Documenter les bonnes pratiques pour un meilleur usage

« C’est un atelier d’une importance capitale, car nous allons pouvoir identifier les bonnes pratiques qui sont nombreuses au Burkina Faso, constituer des supports qui nous permettront d’informer les partenaires de la FAO sur les techniques de capitalisation de bonnes pratiques afin qu’à l’avenir, toute bonne pratique qui sera identifiée puisse être documentée et servir d’expérience à partager avec d’autres personnes », a indiqué M. Adufu.

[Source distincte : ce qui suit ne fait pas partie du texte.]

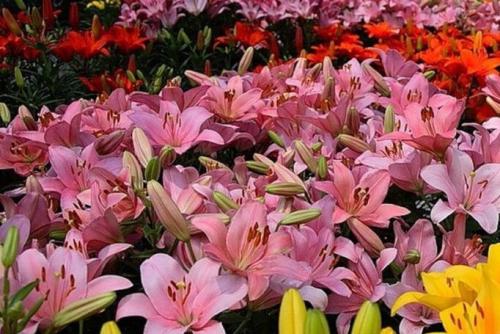 Прямоугольная клумба оформление. Клумбы из многолетних цветов фото и готовые схемы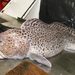 Spotted Wolffish - Photo (c) Gonzalo Mucientes Sandoval, some rights reserved (CC BY-NC-SA), uploaded by Gonzalo Mucientes Sandoval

Pendant trois jours les participants vont se familiariser avec les démarches de bonnes pratiques, l’utilisation de celles-ci mais aussi la façon de les documenter pour un meilleur usage. A entendre M. Adufu, la capitalisation et le partage des bonnes pratiques ont un rôle clé à jouer dans la consolidation de la résilience puisqu’elle permet aux acteurs d’analyser systématiquement leur pratique, de comprendre ce qui fonctionne bien et pourquoi.
Initié dans le cadre du projet TCP/RAF/3507 intitulé « Appui à l’initiative régionale sur la résilience au Sahel et dans la corne de l’Afrique », cet atelier va mettre, aux dires de Kossi Sena Adufu, l’accent sur cinq modules à savoir, l’introduction, la facilitation, le partage, la mise en œuvre et la valorisation. L’introduction va présenter le concept et le processus de capitalisation des expériences. La facilitation définira le terme et identifiera la façon dont la facilitation contribue à atteindre les buts du processus de capitalisation des expériences.  Le partage  abordera la phase préparatoire de cette capitalisation. La mise en œuvre devra conduire  les apprenants à travers toutes les étapes nécessaires à une mise en œuvre efficace du processus de capitalisation. Enfin la valorisation montrera comment assurer que les nouvelles connaissances sont utilisées pour générer des changements. Le projet TCP/RAF/3507 qui vise trois objectifs principaux dont la gestion des connaissances, le partage des bonnes pratiques et l’analyse des capacités en matière de sécurité alimentaire et nutritionnelle au niveau régional sera exécuté dans quatre pays-pilotes que sont le Burkina Faso, le Mali, le Niger et le Tchad.